Name	Type	Description	Default
print_organizer	BasePrintOrganizer		required
iterations	int		required
strength	float	the current value with the average of the two neighbors on every interation stop. On each iteration: new_val = (0.5*(neighbor_left_val + neighbor_right_attr)) * strength - current_val * (1-strength)	required
get_attr_value	Callable[[PrintPoint], Any]		required
set_attr_value	Callable[[PrintPoint, Any], None]		required

Source code in src/compas_slicer/print_organization/print_organization_utilities/data_smoothing.py

def smooth_printpoint_attribute(
    print_organizer: BasePrintOrganizer,
    iterations: int,
    strength: float,
    get_attr_value: Callable[[PrintPoint], Any],
    set_attr_value: Callable[[PrintPoint, Any], None],
) -> None:
    """
    Iterative smoothing of the printpoints attribute.
    The attribute is accessed using the function 'get_attr_value(ppt)', and is set using the function
    'set_attr_value(ppt, v)'.
    All attributes are smoothened continuously (i.e. as if their printpoints belong into one long uninterrupted path)
    For examples of how to use this function look at 'smooth_printpoints_layer_heights' and
    'smooth_printpoints_up_vectors' below.
    The smoothing is happening by taking an average of the previous and next point attributes, and combining them with
    the current value of the print point; On every iteration:
    new_val = (0.5*(neighbor_left_val + neighbor_right_attr)) * strength - current_val * (1-strength)

    Parameters
    ----------
    print_organizer: :class: 'compas_slicer.print_organization.BasePrintOrganizer', or other class inheriting from it.
    iterations: int, smoothing iterations
    strength: float. in the range [0.0 - 1.0]. 0.0 corresponds to no smoothing at all, 1.0 corresponds to overwriting
        the current value with the average of the two neighbors on every interation stop. On each iteration:
        new_val = (0.5*(neighbor_left_val + neighbor_right_attr)) * strength - current_val * (1-strength)
    get_attr_value: function that returns an attribute of a printpoint, get_attr_value(ppt)
    set_attr_value: function that sets an attribute of a printpoint, set_attr_value(ppt, new_value)
    """

    # first smoothen the values
    for ppt in print_organizer.printpoints_iterator():
        if get_attr_value(ppt) is None:
            raise ValueError('The attribute you are trying to smooth has not been assigned a value')

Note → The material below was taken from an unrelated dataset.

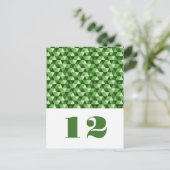 緑色の三角形テーブルのはがき ポストカード (スタンド正面)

    attrs = np.array([get_attr_value(ppt) for ppt in print_organizer.printpoints_iterator()])

    # Vectorized smoothing: use numpy slicing instead of per-element loop
    for _ in range(iterations):
        # mid = 0.5 * (attrs[i-1] + attrs[i+1]) for interior points
        mid = 0.5 * (attrs[:-2] + attrs[2:])  # shape: (n-2,)
        # new_val = mid * strength + attrs[1:-1] * (1 - strength)
        attrs[1:-1] = mid * strength + attrs[1:-1] * (1 - strength)

    # Assign the smoothened values back to the printpoints
    for i, ppt in enumerate(print_organizer.printpoints_iterator()):
        val = attrs[i]
        # Convert back from numpy type if needed
        set_attr_value(ppt, val.tolist() if hasattr(val, 'tolist') else float(val))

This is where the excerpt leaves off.